RPM 1/35 Pz.Kpfw. TKS(p)/Ra 43 Polish Tankette w/Puppchen Build Review

By Ray Mehlberger

Date of Review February 2007 Manufacturer RPM
Subject Pz.Kpfw. TKS(p)/Ra 43 Polish Tankette w/Puppchen Scale 1/35
Kit Number 35041 Primary Media Styrene
Pros Interesting subject Cons Have to refer to parts tree drawings constantly to assemble model. Instructions not always clear and some ejector pin cups present to eliminate. Decals shatter
Skill Level Basic MSRP (USD) $15.98

 

 

Background

TKS: In 1929, the Polish Defense Ministry bought ten British Carden-Lloyd Mk. V-1’s to test. From the experience gained from extensive tests on these vehicles a new series of vehicles was developed in the form of prototypes: the TK-1 and the TK-2 in 1930. Basically the development work was carried out by Marczewskit, which incorporated Lloyd running gear and a modified fighting compartment.

The TK-2 emerged in 1931 as a result of further modifications and improvements. The fighting compartment was closed completely, culminating in the finished prototype for the series production of the TK-3. The total number of TK-3’s built is believed to be about 300. All were powered with a four cylinder Ford (40 PS) engine. These engines had to be specially imported to Poland. Later, an additional 18 vehicles were built and fitted with six cylinder (46 PS) 122-B Fiat engines. These engines were manufactured under license in Poland and know as the TKF.

Beginning in 1933, additional developments were made to the TK-3 series. The fighting compartment was improved, and the armour was up-graded to 10mm. The power plant was a license built version of the Fiat 122 was again used. It was now given the designation Pz inz. 367. This was the final configuration for the TKS with series production starting in 1934. Two final production versions went into operational service, both types having approximately 250 examples of each manufactured. Operational armament consisted of either a 7.92mm Hotchkiss machine-gun W25, mounted besides the driver, or a 20mm cannon FK-A wz. 38 of Polish origin.

Various attempts were made to upgrade the armament using a 47mm wz. 25 and a 37mm cannon. These experimental types became known as the TKD and never reached series production. However, the basic chassis of the TK-3/TKS “tankette” formed the basis for a towing tractor for the artillery, the C2P, and used extensively to tow the 40mm Flak Bofors gun.

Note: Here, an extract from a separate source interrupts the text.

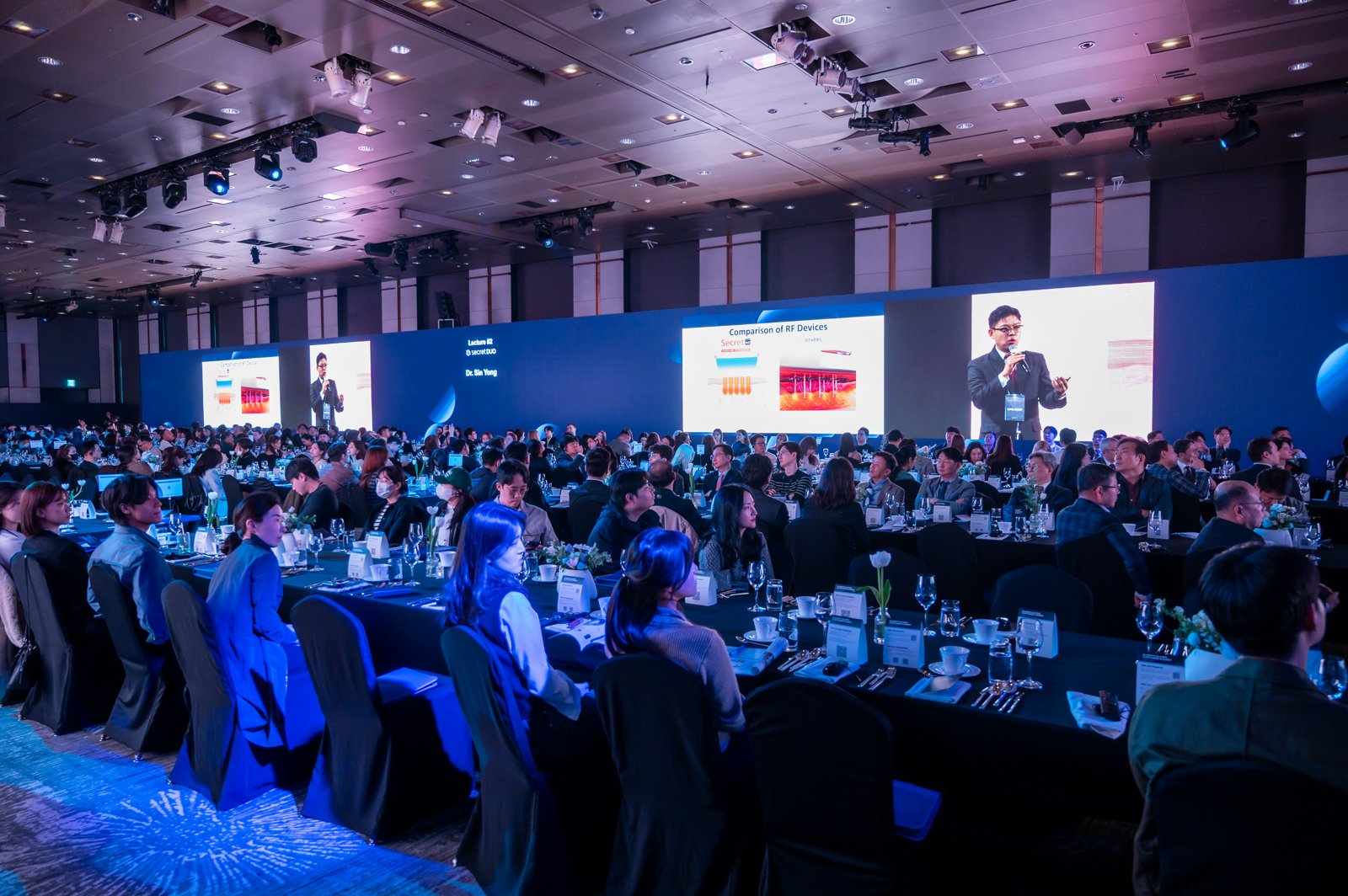 Dr Sin Yong training aesthetic doctors abroad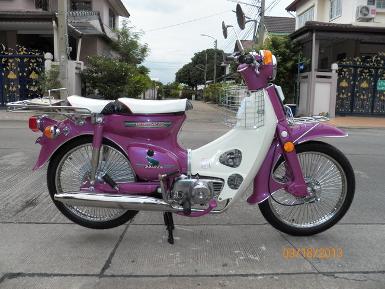 2.C90..สีม่วงมุขเม็ดมะปราง...เครื่องดี +ระบบไฟ CDI+มีทะเบียนโอนได้..ราคา 19,000 บาท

At the outbreak of WWII, 574 TK-3/TKS’s in all versions were in operation. The majority served along side of armor and cavalry units for reconnaissance and infantry support roles. Following the fall of Poland, the German Wehrmacht used a number of captured TK-3/TKS’s in various roles until 1944. It is believed that a few TK-3/TKS’s were delivered to Hungary in 1939 shortly before the beginning of hostilities.

Puppchen: In 1944 the Anhaltisch/Westfalische Sprengstoff AG of Reindorf (also known as WASAG), submitted a design for the German Army requirement for a light anti-tank gun. This particular design, by Dr. Erich Von Holt, was original in its approach. The idea was to use a “Raketen Panzerbuchse 54”, better known as an “Ofenruhr” or “Stove Pipe”. Similar to the American 2.36 inch Bazooka. The tube, unlike a pipe, had a simple sliding breach block, which, when closed, sealed the rear of the weapon. This gave the specially prepared 88mm hollow charged rocket a greater velocity and range than the standard Panzerbuchse 54, which had a velocity of 110 meters/second and a maximum range of about 150 meters. The Raketenwerfer 43 “Puppchen” (doll), had a considerably better performance with a improved muzzle velocity of 180 meters/second and an effective range of 700 meters.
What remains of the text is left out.